Answer:
1 + i[tex]\sqrt{5}[/tex], 1 - i[tex]\sqrt{5}[/tex]
Step-by-step explanation:
A quadratic function is f(x) = a[tex]x^{2}[/tex] + bx + c
Your function with the given values is f(x) = 2[tex]x^{2}[/tex] - 4x + 12
To solve a quadratic function, you can use the quadratic formula
(-b +/- [tex]\sqrt{b^{2} - 4ac}[/tex]) / 2a
Fill in with your given values.
(4 +/- [tex]\sqrt{(-4^{2} - 4 (2) (12)}[/tex] ) / 2(2)
Simplify
(4 +/- [tex]\sqrt{16 - 96}[/tex]) / 4
(4 +/- [tex]\sqrt{-80}[/tex] ) / 4
Because there is a negative number under the square root making it an imaginary number put an i by it.

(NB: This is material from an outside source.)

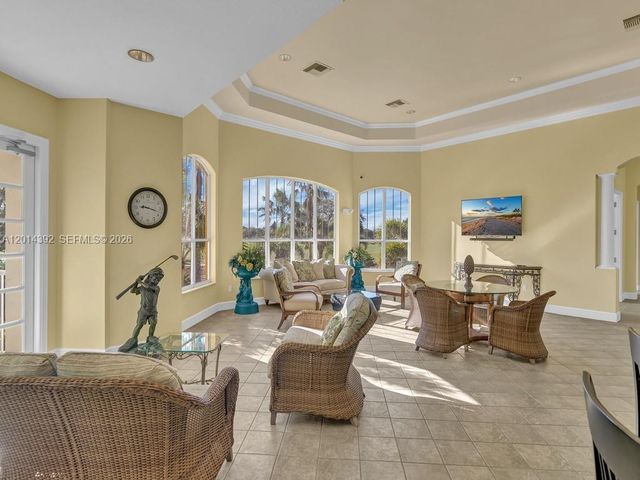 5035 Fairways Circle 305, Vero Beach, FL 32967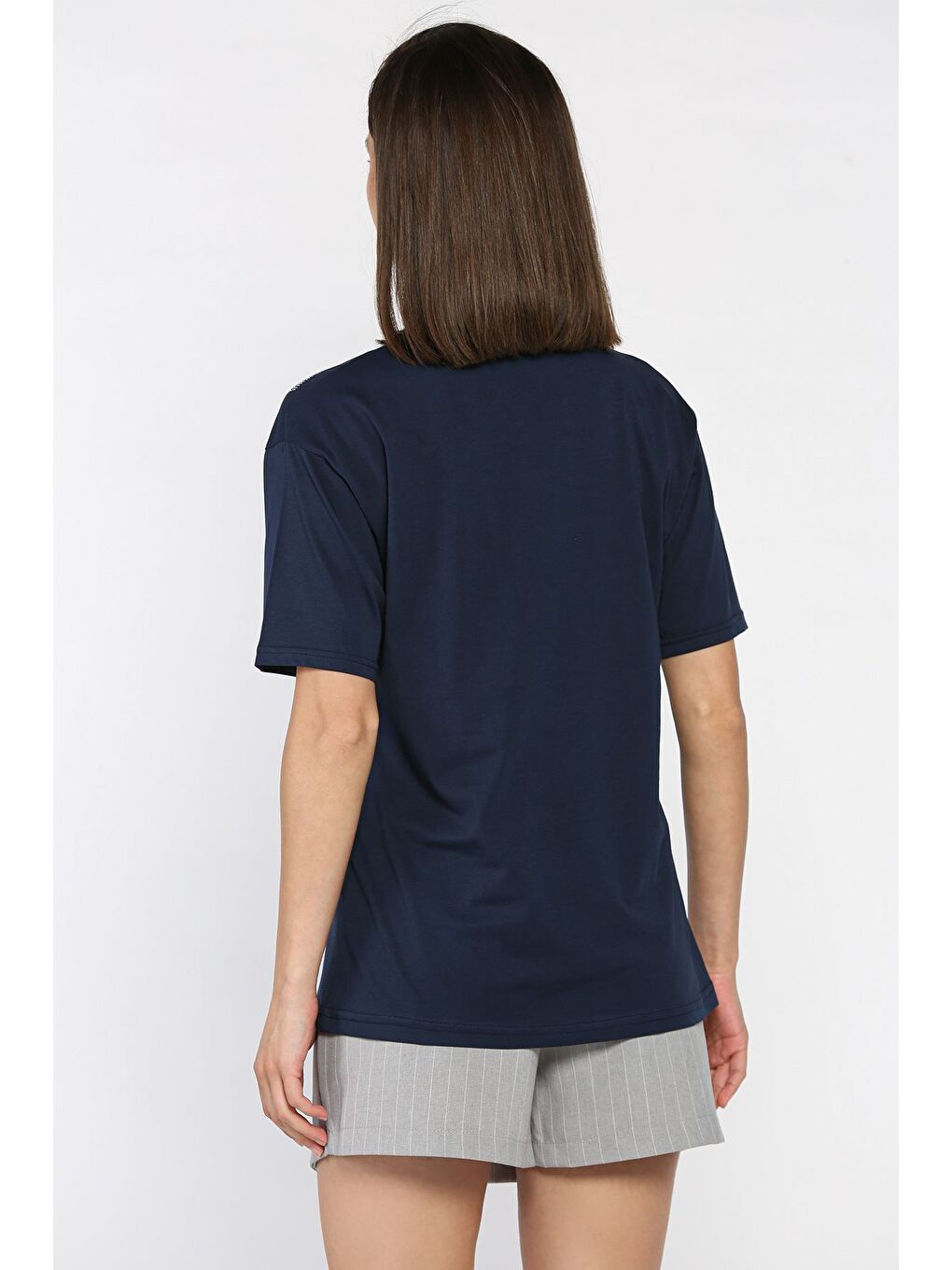 Lacivert Bisiklet Yaka Baskılı Taşlı Kadın Tişört-2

(4 +/- i[tex]\sqrt{80}[/tex]) / 4
80 is divisible by 16, a perfect square. 80 / 16 = 5
(4 +/- 4i[tex]\sqrt{5}[/tex]) / 4
Divide by 4
1 +/- i[tex]\sqrt{5}[/tex]
Your teacher may want you to list your radical without the i and just as [tex]\sqrt{-5}[/tex], so keep that in mind.
Don't forget to list it both as addition and subtraction.